WASHINGTON BUREAU — Sen. Herbert Kohl has introduced a bill, S. 1177, that would press state regulators to create uniform long term care insurance solvency and consumer protection rules.

Kohl, D-Wis., announced the introduction of the bill Wednesday at a hearing convened by the Senate Special Committee on Aging. Kohl heads the committee.

Kohl implied that he and Sen. Edward Kennedy, D-Mass., chairman of the Senate Health, Education Labor and Pension committee, would work to include bill provisions in the health reform legislation now being drafted in the Senate.

Kennedy and HELP Committee staffers said earlier this week that a draft bill might be unveiled as early as Friday.

“Until we can guarantee that consumers have adequate information and protections, and that premiums won’t skyrocket down the road, LTC insurance is not ready to be a major part of the health care reform solution,” Kohl said.

The Kohl bill, “The Confidence in Long-Term Care Insurance Act of 2009,” would:

- Direct the U.S. Department of Health and Human Services, working in consultation with the U.S. Treasury Department, to ask the NAIC to conduct a biennial survey of national and state LTC insurance markets.

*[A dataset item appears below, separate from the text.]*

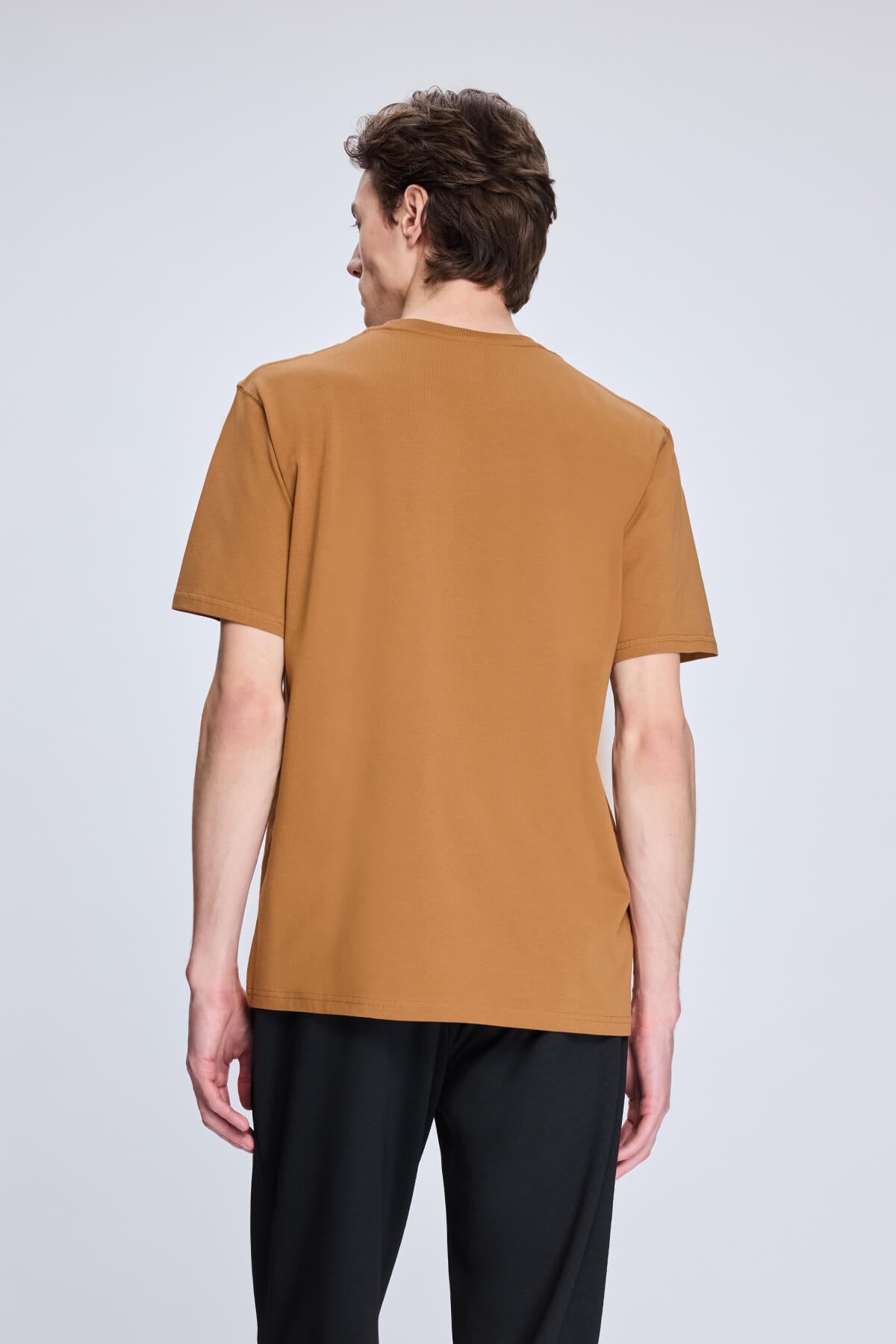 Regular Fit Mustard Cotton Blend Crewneck T-Shirt - SAYKI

- Require delivery of a number of reports to Congress, including ?a report on the results of the biennial market review; ?biennial reports on the impact of Medicaid LTC insurance partnership programs; and a report on the need for minimum annual inflation-protection.

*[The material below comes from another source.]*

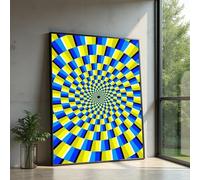 XINBAO Blue and Yellow Spiral Illusion Painting, Art Wall Decor, Modern Abstract Canvas, Graffiti Pattern Canvas, Home Decor(30x40cm/Inner frame)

- Expand the National Clearinghouse for Long-Term Care Information to include Web-based LTC insurance policy comparison tools.

- Change the rules governing matters such as premium rate stability, market disclosures, and agent training, by extending the scope of rules that already apply to LTC Partnership program policies.

- Provide for updating consumer protection provisions as soon as new NAIC model language is released or new information is disclosed during the biennial survey process.

- Allow reciprocity across state partnership plans.

- Stop officials from counting LTC benefits, including cash benefits, when determining patients’ eligibility for Medicaid.

Reactions

The American Council of Life Insurers, Washington, has welcomed introduction of the Kohl bill.

“ACLI is closely reviewing the legislation, but we are encouraged by the bill’s intent to address inconsistencies in the current state regulatory system that have resulted in disparate consumer protections nationwide,” ACLI President Frank Keating says in a statement.

“The industry, which paid $7.2 billion to policyholders in 2007 alone, strongly supports uniform enactment and enforcement of National Association of Insurance Commissioners models that provide guidelines for the payment of claims and include strong consumer protections,” Keating says.

Eileen Tell, senior vice president of the Long Term Care Group Inc., Natick, Mass., says the Kohl bill may codify LTC consumer protections that are already in place.

“Most insurers offer products with uniformity across states, even though state regulations and state adoption of the NAIC model varies,” Tell says.

In addition, “there is already an approach for consumers to compare policies on an apples-to-apples basis and to know exactly what they are purchasing, because every state requires insurers to deliver a standardized ‘outline of coverage’ in a format specified by law,” Tell says.